[Exercise details]
Write out exactly the lines below from the one containing "Red is fiery" to the last, both ends kept, and nothing more; skip all pictures.

[Data block]
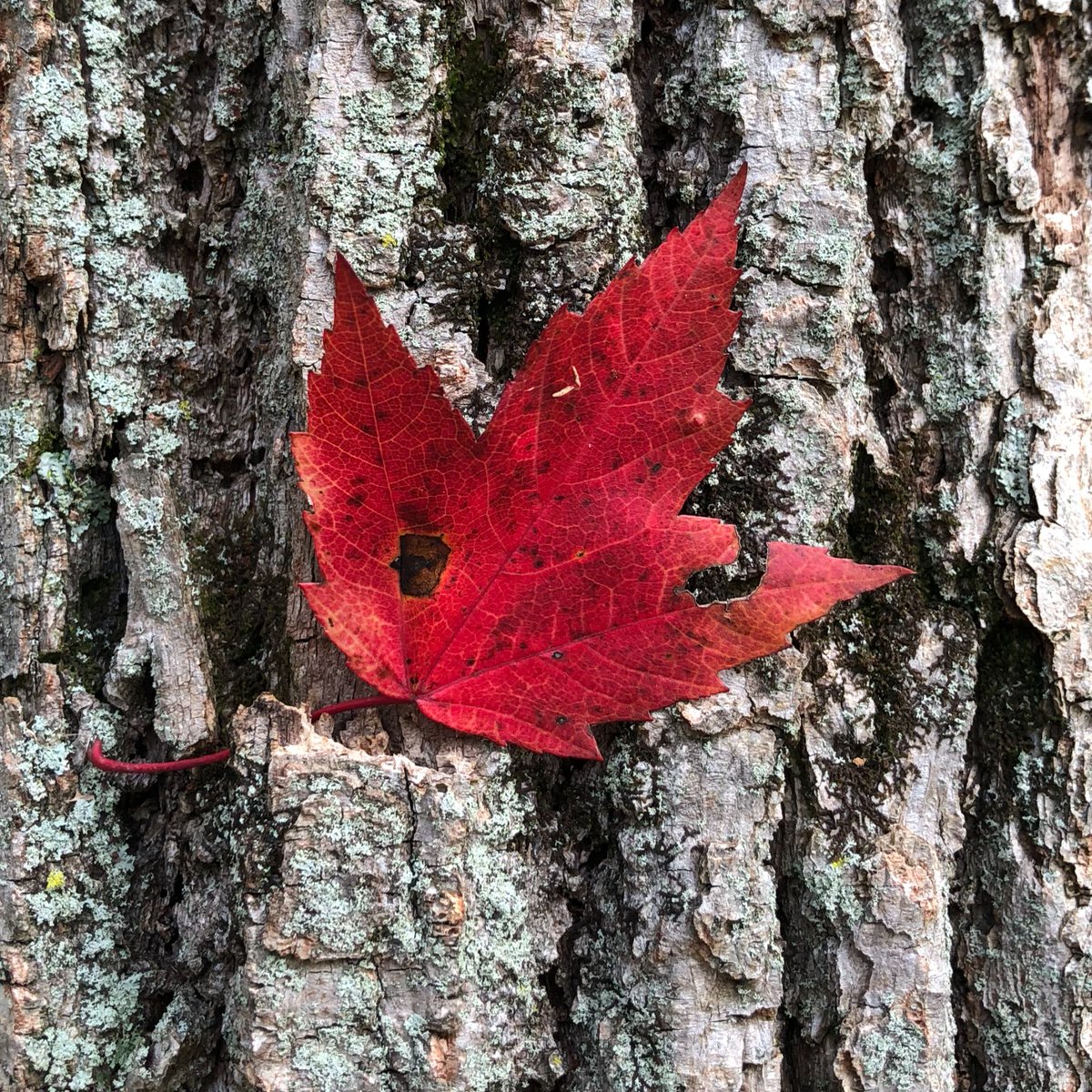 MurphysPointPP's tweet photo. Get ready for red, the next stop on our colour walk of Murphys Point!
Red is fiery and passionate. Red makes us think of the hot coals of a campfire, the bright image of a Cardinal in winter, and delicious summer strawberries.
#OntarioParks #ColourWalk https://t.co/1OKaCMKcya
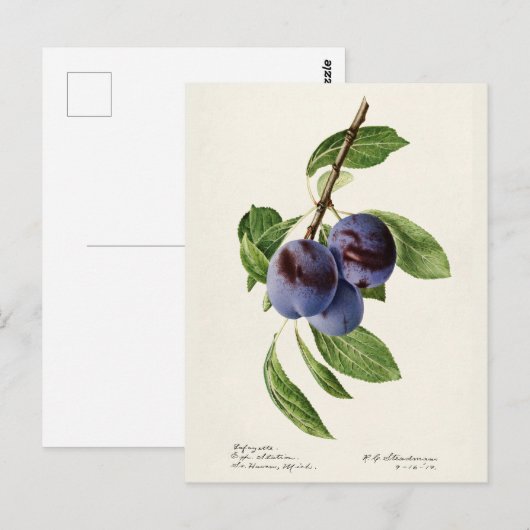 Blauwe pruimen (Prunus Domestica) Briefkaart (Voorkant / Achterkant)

[Exercise answer]
Red is fiery and passionate. Red makes us think of the hot coals of a campfire, the bright image of a Cardinal in winter, and delicious summer strawberries.
#OntarioParks #ColourWalk https://t.co/1OKaCMKcya
 Blauwe pruimen (Prunus Domestica) Briefkaart (Voorkant / Achterkant)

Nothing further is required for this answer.